Теперь мне пора изумиться:
– Какая еще рыбалка?
– Ну, рыбу ловить. За Леркой заедем – и вперед.
– Лерка работает.
– Лерка дома, пирожки нам печет. Давай садись.
– Я иду учиться, – твердо говорю я.
– Какое учиться! – Боб сморщился. – Один день можно прогулять. Давай, Ромыч, садись!
– Дождь собирается, – смотрю в небо. – Вон туч сколько.
– Прояснится. Москва передавала: ясно и жарко.
Боб открыл свою дверцу, хочет уже залезть в кабину, но, видя, что я остался стоять, вновь направляется ко мне. Его мультяшное лицо выражает крайнюю степень негодования.
– Ромка, ты становишься невыносим! Уже все собрали, я удочки старался делал. А ты, блин! «Гулять пойдем?» – «Не-е». – «На рыбалку едем?» – «Не-е». Как идиот, действительно!

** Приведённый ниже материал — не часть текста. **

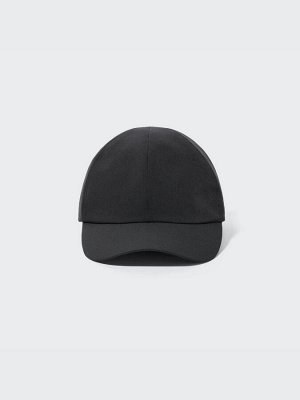 UNIQLO - кепка унисекс с защитой от UV-лучей - 09 BLACK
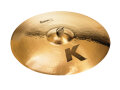 Zildjian K Custom Crash Ride Brilliant Cymbal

– Раньше надо было сказать, предупредить.
– Сам же трубку не брал! – взвизгнул Боб; с полминуты смотрел мне прямо в глаза, затем угрожающе тихо сказал: – Если ты сейчас же не сядешь в машину, то считай, что мы всё… поссорились. Навсегда!
Пришлось сесть и везти себя на рыбалку. Боб сразу подобрел, даже предложил свои фирмовые черные очки в круглой оправе. Я отказался. Изучал мир ясным взором.
– Ну в самом деле, Ромыч, нельзя же так!.. – говорил Боб. – Съездим, разветримся, порыбачим. Что в этом городе делать? Лето же.
Я молчу.
– Поступишь и без своего подгота дурацкого, – продолжает он успокаивать. – Я вот поступил, учусь. На четвертый курс перебрался с божьей помощью. Кстати, слышал новость? – Голос его тут же изменился, стал таинственным и тревожным. – Слышал, кто-то вчера двух коммеров завалил. На Весёлом перевале. Фуру сожгли. Из автомата, говорят, лупили…
– Феликс? – оживляюсь.
– Он вроде. Коммеры не заплатили, видать, ну их и того…
– Ну, и правильно.
– Чего ж правильного? – не разделяет Боб моей радости.